Sur le moyen, pris en sa première branche

14. Le grief est devenu sans objet dès lors que, par décision du 28 juin 2022, la Cour de cassation a dit n'y avoir lieu de renvoyer au Conseil constitutionnel la question prioritaire de constitutionnalité.

Sur le moyen, pris en ses autres branches

15. L'arrêt attaqué, qui donne un avis favorable à l'extradition, ne contient pas de motifs relatifs au risque de traitement inhumain ou dégradant auquel pourrait être exposée la personne réclamée en cas de remise aux autorités de l'Etat requérant.

16. Il n'encourt cependant pas la censure pour ce motif.

17. En effet, d'une part, la chambre de l'instruction, qui statuait comme cour de renvoi après cassation, n'était tenue de se référer et de répondre qu'au mémoire susceptible d'être régulièrement produit, dans les conditions prévues par l'article 198 du code de procédure pénale, au cours de la procédure ainsi ouverte devant elle, et n'avait pas à faire mention des mémoires antérieurement déposés devant les chambres de l'instruction dont les décisions avaient été annulées.
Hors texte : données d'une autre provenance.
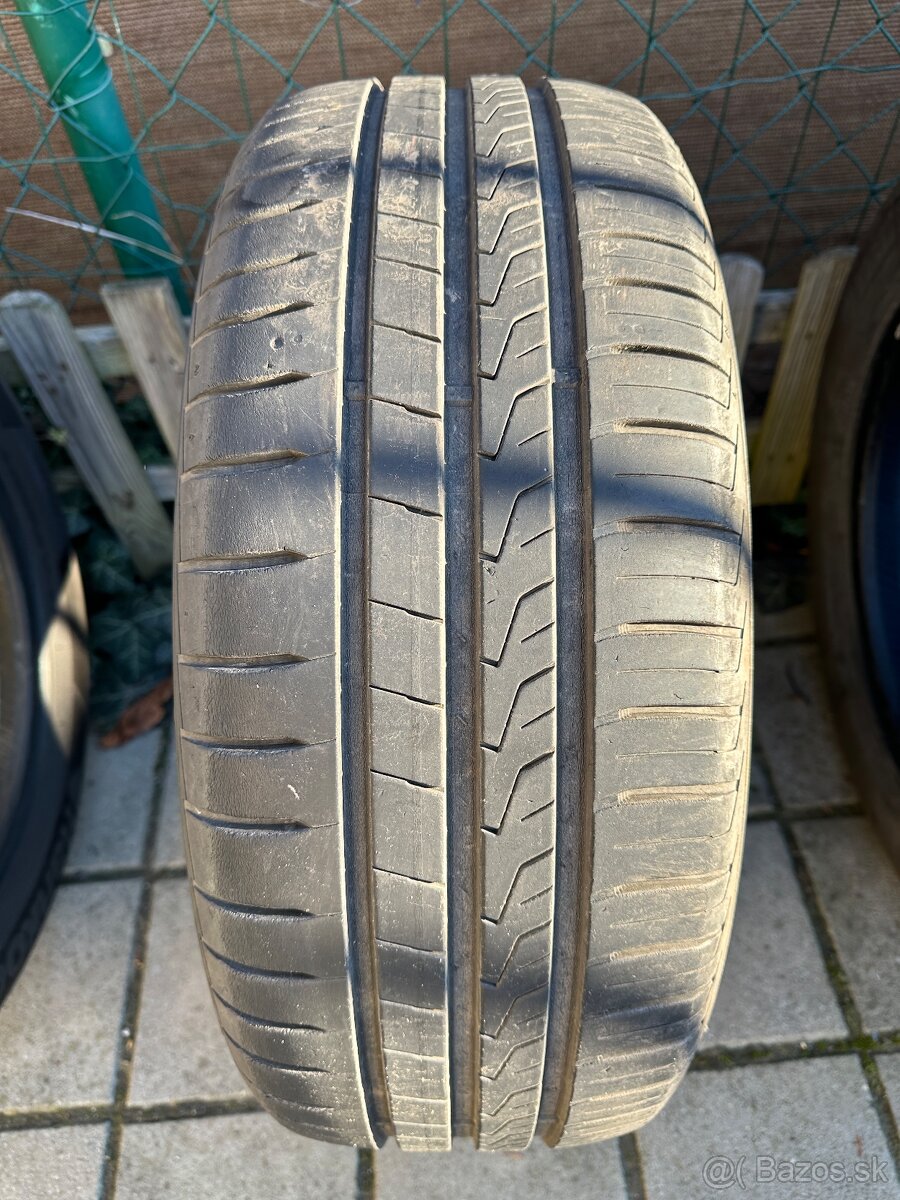 205/55 R16 91H letné HANKOOK - 6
18. D'autre part, à défaut d'allégations en ce sens de la personne réclamée, cette juridiction n'était pas tenue de rechercher l'existence d'un risque de traitement inhumain ou dégradant en cas de remise de celle-ci aux autorités judiciaires de l'Etat requérant, ce, même en vue de poursuites pour faits de terrorisme, la vérification n'ayant dès lors pas d'objet concret.

19. Ainsi, le moyen doit encore être écarté.

20. Il s'ensuit que l'arrêt satisfait, en la forme, aux conditions essentielles de son existence légale.

21. Par ailleurs, il a été rendu par une chambre de l'instruction compétente et composée conformément à la loi, et la procédure est régulière.

PAR CES MOTIFS, la Cour :

REJETTE le pourvoi.

Arrêt rendu en formation restreinte hors RNSM.

- Président : M. Bonnal - Rapporteur : Mme Thomas - Avocat général : M. Aubert - Avocat(s) : SARL Boré, Salve de Bruneton et Mégret -

Textes visés :

Article 198 du code de procédure pénale ; Convention nationale signée le 5 février 2021 entre le ministère de la justice et le Conseil national des barreaux.

Rapprochement(s) :

Sur la recevabilité d'un mémoire transmis par la voie électronique et non signé : Crim., 13 janvier 2021, pourvoi n° 20-80.511, Bull. (rejet) ; Sur la recevabilité d'un mémoire non signé transmis par l'avocat au moyen de sa messagerie électronique sécurisée : Crim., 23 février 2022, pourvoi n° 21-86.762, Bull. (annulation).